A race condition in recovery causes unrecoverable gaps in acked offsets and consequently blocks committing

Checklist

I have included information about relevant versions
I have verified that the issue persists when using the master branch of Faust.

Steps to reproduce

Starting from a high-level description of the issue. To illustrate the race condition, we need to look first at some key design aspects:

Upon restart/rebalance Faust replays messages from the changelog topics (without consuming messages from the input topics)
Messages are consumed from Kafka asynchronously populating some in-memory queues. Agents will consume from these queues via async for ... in stream to process the messages.
Once the recovery from changelog topics is completed, Faust listens to the input topics (i.e., non-changelog topics), clearing the contents of all in-memory queues.
After agents process a message, the message becomes "acked". Faust maintains the offsets of all acked messages and asynchronously commits these acked offsets back to Kafka.
- Faust has a consistency check that requires contiguous acked offsets to commit a new offset.

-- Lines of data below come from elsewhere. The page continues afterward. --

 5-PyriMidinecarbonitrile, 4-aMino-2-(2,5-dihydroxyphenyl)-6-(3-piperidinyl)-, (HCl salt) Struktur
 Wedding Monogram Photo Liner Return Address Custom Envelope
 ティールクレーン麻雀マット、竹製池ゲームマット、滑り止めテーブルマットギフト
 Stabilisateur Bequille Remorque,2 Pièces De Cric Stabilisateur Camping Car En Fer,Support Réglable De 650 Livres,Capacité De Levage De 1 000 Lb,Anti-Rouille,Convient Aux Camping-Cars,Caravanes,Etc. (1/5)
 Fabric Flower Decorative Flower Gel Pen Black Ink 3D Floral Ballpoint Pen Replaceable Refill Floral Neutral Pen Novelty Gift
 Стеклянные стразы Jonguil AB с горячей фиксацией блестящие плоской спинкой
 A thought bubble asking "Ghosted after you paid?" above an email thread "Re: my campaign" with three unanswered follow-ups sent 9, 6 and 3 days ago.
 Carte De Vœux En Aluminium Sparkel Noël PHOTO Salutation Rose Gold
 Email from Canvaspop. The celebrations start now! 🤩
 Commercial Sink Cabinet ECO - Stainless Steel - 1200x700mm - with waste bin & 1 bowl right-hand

That is, if the committed offset is N, and the acked offsets are N+1, N+2, N+3, Faust can safely commit offset N+3. However, if the committed offset is N, and the acked offsets are N+2, N+3, Faust will wait until N+1 is acked.

With the current setup, some message(s) may never arrive because the queues are cleaned up in flight, thus blocking committing.

After the recovery is completed, the async flow of messages from non-changelog topics is resumed:

faust/faust/tables/recovery.py

Lines 635 to 637 in 6588a97

    
           consumer.resume_partitions( 
        
               {tp for tp in assignment if not self._is_changelog_tp(tp)} 
        
           )

The consumption flow is:

The Consumer reads messages asynchronously and puts them in the Conductor queue via the callback

faust/faust/transport/consumer.py

Line 1201 in 6588a97

callback(message), self.suspend_flow.wait()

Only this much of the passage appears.